I don’t have a problem with this, mostly. Rudyard Kipling, in one of the half dozen or so poems I have committed to memory, observes:
Well, we aren’t no thin red ‘eroes, nor we aren’t no blackguards too,
We’re just single men in barricks, most remarkable like you;
An’ if sometimes our conduck isn’t all your fancy paints,
Why, single men in barricks don’t grow into plaster saints;
I think the generic referral to members of the Armed Forces as “heroes” cheapens the meaning of the word and makes heroism something that isn’t earned but rather acquired by simply showing up, sort of like a participation trophy. The men and the women of the Armed Forces comprise most of the types of people you run into in daily life. The good, the bad, the diligent, the lazy, etc. Putting on a uniform doesn’t change that. By the same token, the things that Masciotra calls out as heroic, being a anti-American dipwad in a anti-war protest, being a teacher, or being a social worker can never really rise to anything approaching heroism (though they could be examples worthy of emulation) because, unlike a soldier (sailor, airman, or marine) they will never, ever, be called upon to actually place life and limb at risk as a part of their duty.
On the other side of the coin, real heroes don’t need the acknowledgement and adulation of people they don’t know and their feelings don’t get hurt by the comments of people they don’t respect.
Leftwing gibberish thrown in to make a word count for his editor.
What Masciotra represents is that frustrated sector of the American left that reflexively wanted to spit on US soldiers and call them “baby killers” in 2003 and thereafter. When they saw this was not going to be accepted by the public they were forced to temper their rhetoric with “soldiers are heroes but the war is bad.” That may be true but it has nothing to do with the military. That has to do with a political consensus, held by both parties, that thinks the Masciotra and the positions he holds are moronic. The military doesn’t make foreign policy. The military doesn’t decide to go to war. In fact, you will have to look long and hard to find any group of people more averse to going to war than the Joint Chiefs of Staff because they realize, in a way politicians never will, the human cost of warfare and the fact that with a little bit of bad luck you can loose a big battle and have nasty books written about you.
In Masciotra’s rather demented little world, he is brave for writing this screed because society is
unofficially imposing a juvenile and dictatorial rule over speech in which anything less than absolute and awed adulation for all things military is treasonous.

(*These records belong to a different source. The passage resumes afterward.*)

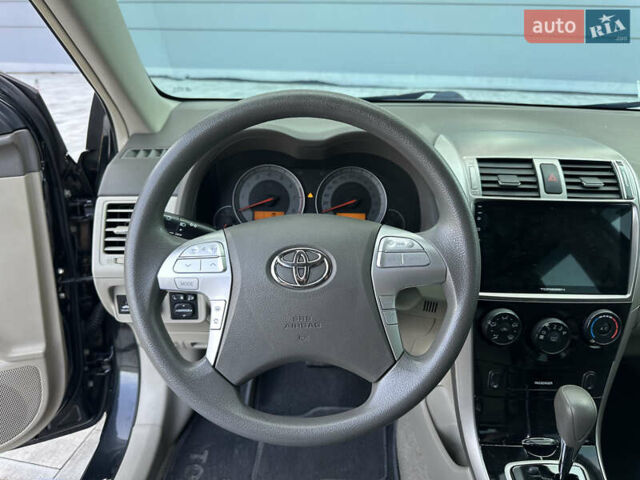 Черный Тойота Королла, объемом двигателя 1.6 л и пробегом 130 тыс. км за 9850 $, фото 17 на Automoto.ua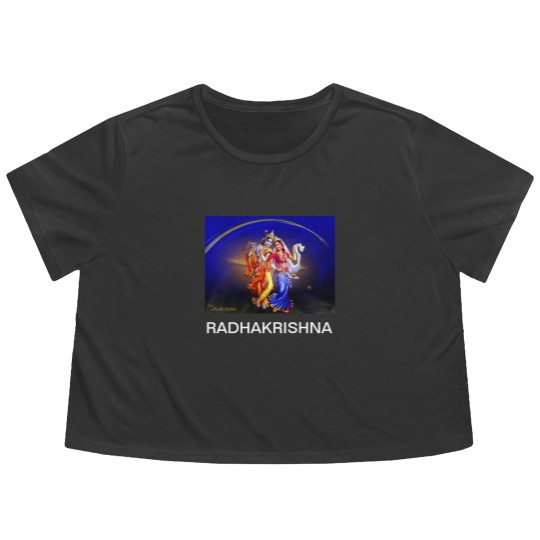 Discover RADHA KRISHNA Flowy Cropped Tees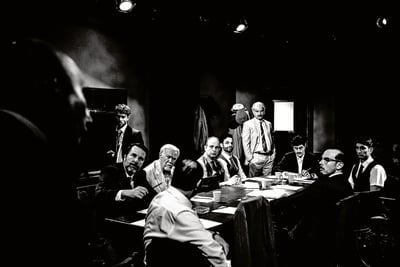 «Οι 12 ένορκοι» επιστρέφουν στο Θέατρο Αλκμήνη για 11η χρονιά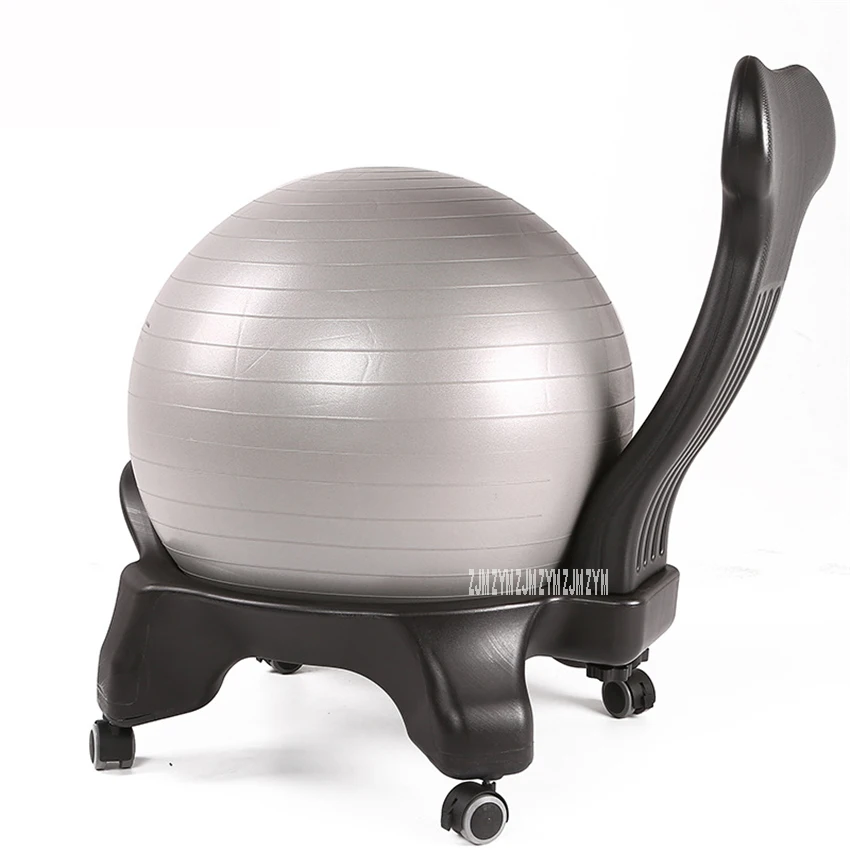 ZH-JSY Home Computer Explosion-Proof Thickened Yoga Ball Chair Office Seat Fitness Massage Balance | Мебель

This world simply doesn’t exist. If that world existed, Masciotra would be paid for trolling, he’d find himself the object of hatred expressed by lots of people wielding heavy objects.
The subtext
Many moons ago I was commissioned into the Army via ROTC. One of the worst days of the week was Thursday when the ROTC detachment was required to wear uniform all day. This meant going to class in uniform. One of my friends had a sociology professor who called him “Killer” in class.
Masciotra’s subtext is simply garden variety anti-Americanism that was the state of affairs on American campuses during the Vietnam era and its aftermath. What he’s longing for are the good old days with nice little fascists, like himself, could verbally assault men and women in uniform and receive the plaudits of the low-forehead crowd they played to. It irks him greatly that military service is an honorable profession, in the way being a feminized hipster douchebag never will be. Because so long as a single American is willing to wear the nation’s uniform and to take that risk for the rest of us, everything Masciotra stands for will be for naught.